Input records
----
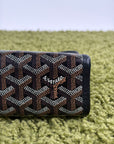 Pochette Goyard Jouvence MM in tela Goyardine Nera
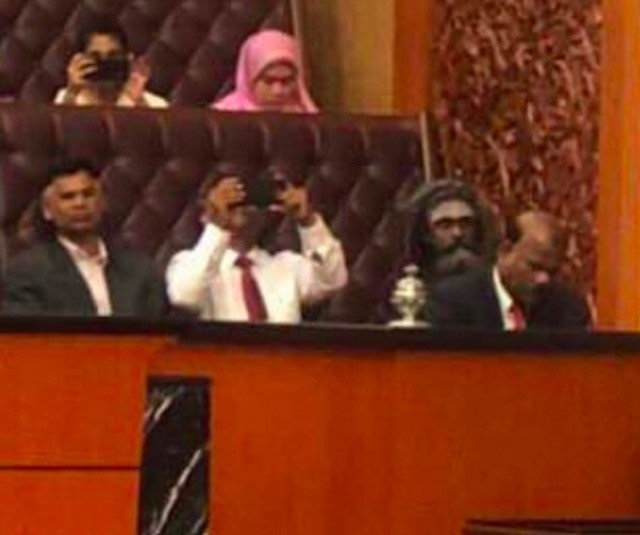 lelaki aneh dalam dewan negara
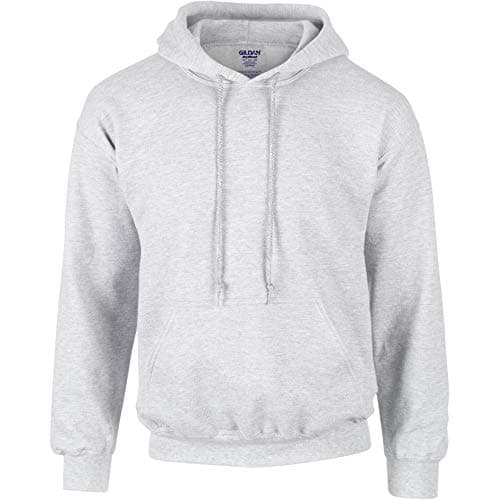 Image of Gildan Heavyweight DryBlend Adult Unisex Hooded Sweatshirt Top / Hoodie (13 Colours) (2XL) (Ash)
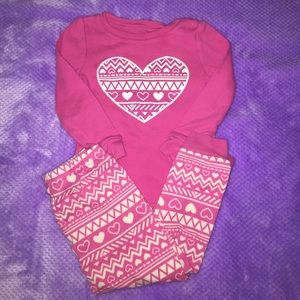 Pink pajama set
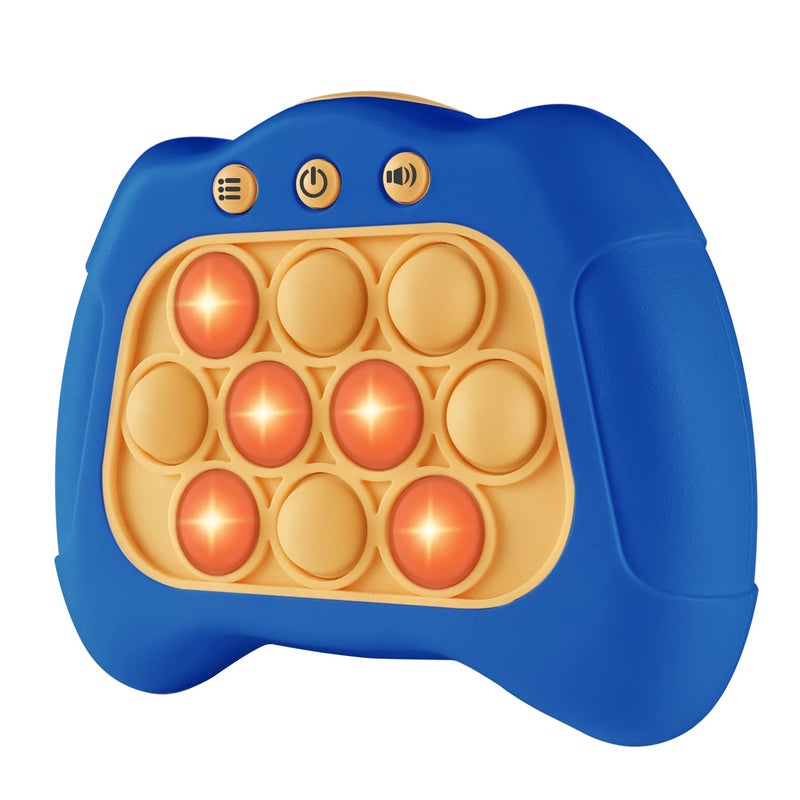 Intoypad Pop The Target Handheld Speed Push Game Machine A Fun Multiplayer Game for Family Sensory Fidget Toy Christmas Toys Gifts for 6 7 8 9 10 11 12 Years Old Kids Road Trip Car Games Kids Blue - Image 2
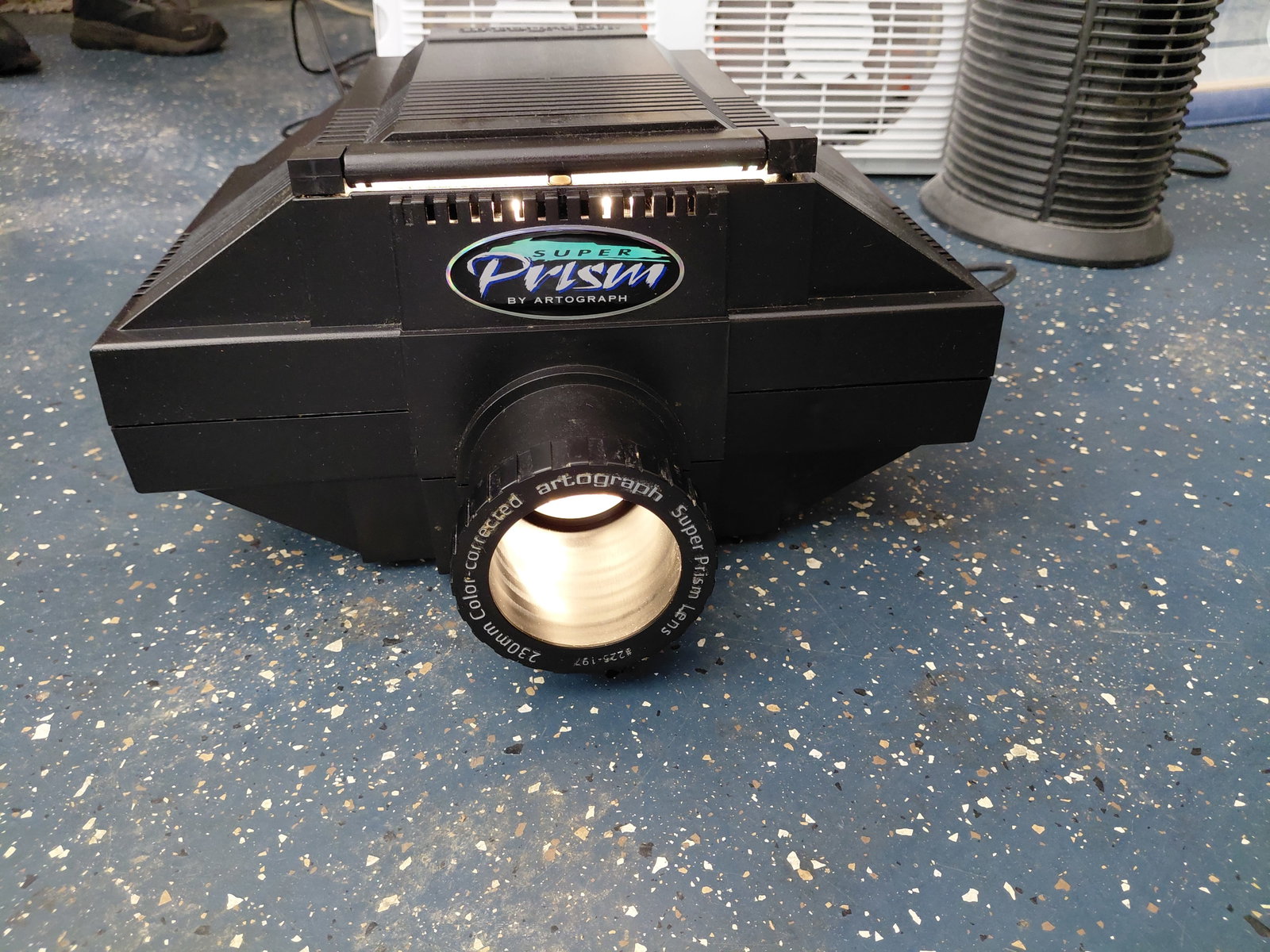 Super Prism Art Projector / Tested and Works / Needs a good cleaning / as seen - 11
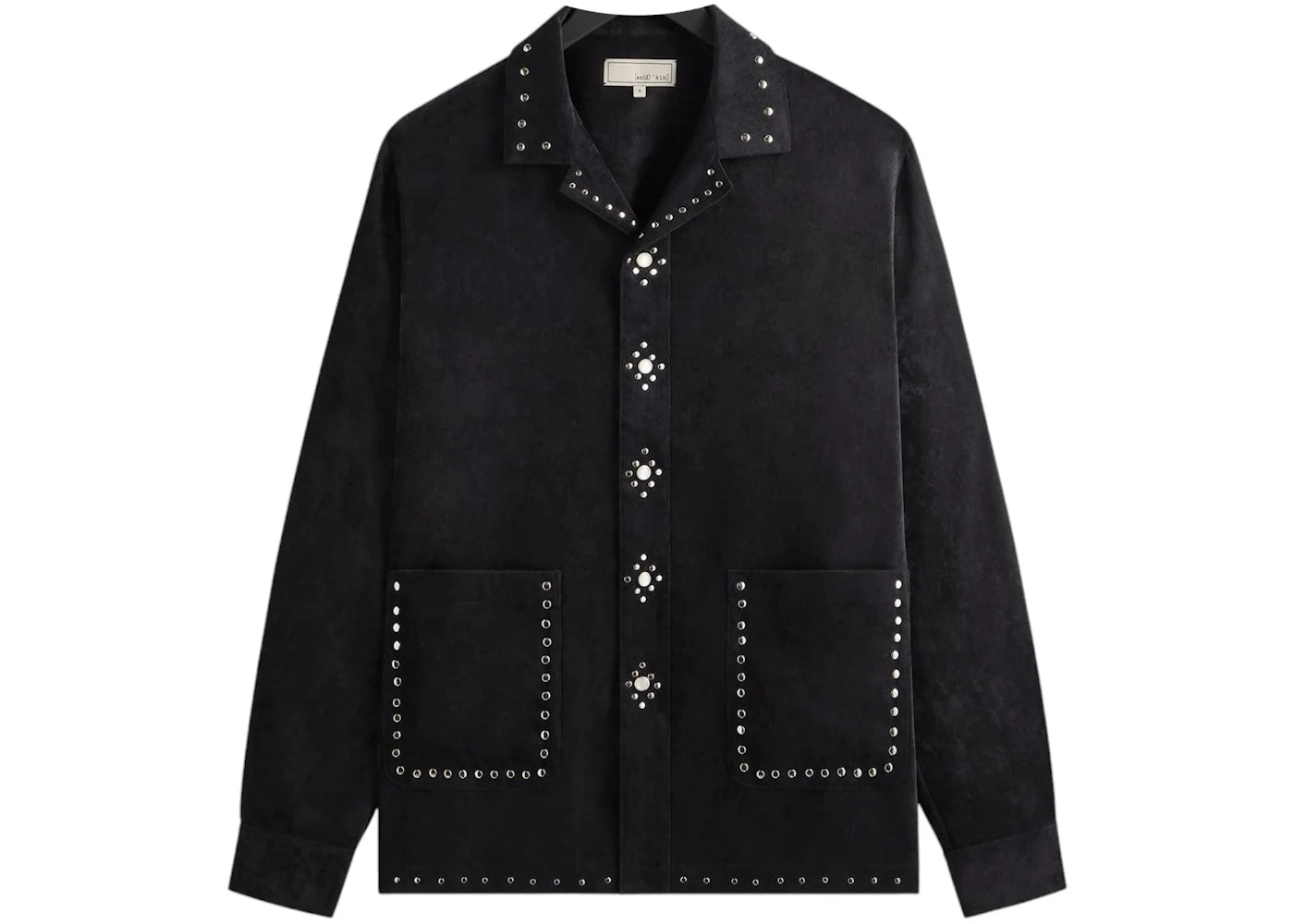 Kith & Kin Sawyer Long Shirt Camp Collar Shirt Black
----
Exercise directions
With the images omitted, retype the records above exactly.

Response box
 Pochette Goyard Jouvence MM in tela Goyardine Nera
 lelaki aneh dalam dewan negara
 Image of Gildan Heavyweight DryBlend Adult Unisex Hooded Sweatshirt Top / Hoodie (13 Colours) (2XL) (Ash)
 Pink pajama set
 Intoypad Pop The Target Handheld Speed Push Game Machine A Fun Multiplayer Game for Family Sensory Fidget Toy Christmas Toys Gifts for 6 7 8 9 10 11 12 Years Old Kids Road Trip Car Games Kids Blue - Image 2
 Super Prism Art Projector / Tested and Works / Needs a good cleaning / as seen - 11
 Kith & Kin Sawyer Long Shirt Camp Collar Shirt Black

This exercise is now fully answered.